En juillet 2025, dans un relatif silence médiatique international, le gouvernement indonésien a annoncé son intention de redistribuer 1,4 million d’hectares de terres dites « inactives » à des principales organisations religieuses musulmanes du pays, notamment Nahdlatul Ulama (NU) et Muhammadiyah.
Une annonce discrète, un impact colossal
Présentée comme une mesure de réforme agraire visant à dynamiser des terres « dormantes », cette décision soulève de nombreuses interrogations sur ses implications politiques, sociales et environnementales.
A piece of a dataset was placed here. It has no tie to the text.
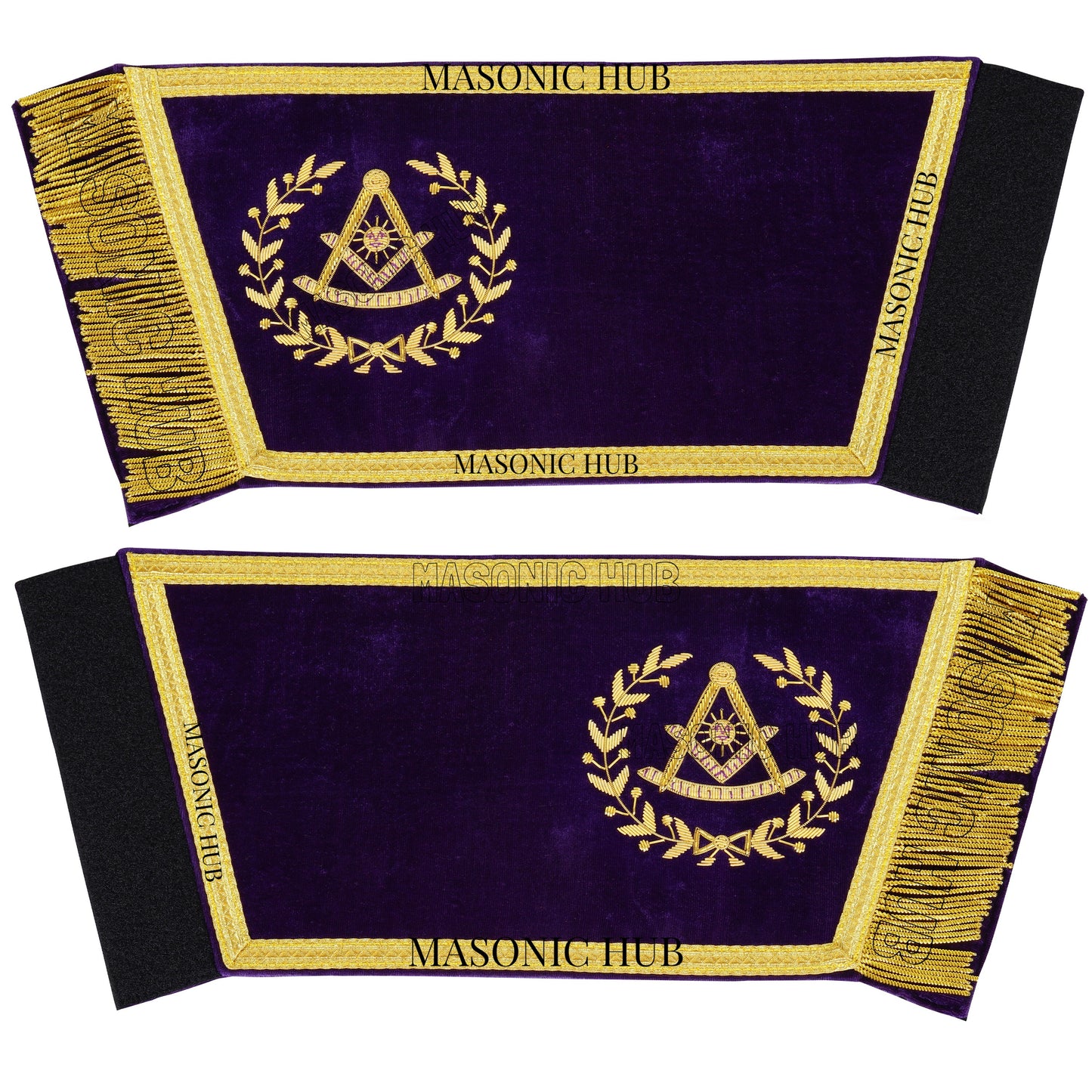 Masonic Grand Past Master Purple Gauntlets Cuffs Gold Bullions Threads Fringe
Pour mieux en saisir la portée, rappelons qu’1,4 million d’hectares représentent environ 14 000 km², soit l’équivalent du département français de la Gironde, le plus vaste de France métropolitaine. C’est aussi plus grand que l’ensemble de la région Île-de-France, ou encore que la totalité du territoire du Kosovo. Il ne s’agit donc pas d’une opération symbolique, mais d’un transfert massif de propriété foncière.
Les justifications du gouvernement
Le ministre indonésien de l’Agronomie, Nusron Wahid, a défendu cette politique en insistant sur le caractère légal de la procédure : les terrains concernés n’auraient pas été exploités depuis au moins 587 jours, ce qui permettrait à l’État d’en reprendre le contrôle conformément à la loi. La redistribution s’inscrirait donc dans une logique de justice sociale, visant à réallouer des ressources foncières à des acteurs capables de les mettre au service du peuple.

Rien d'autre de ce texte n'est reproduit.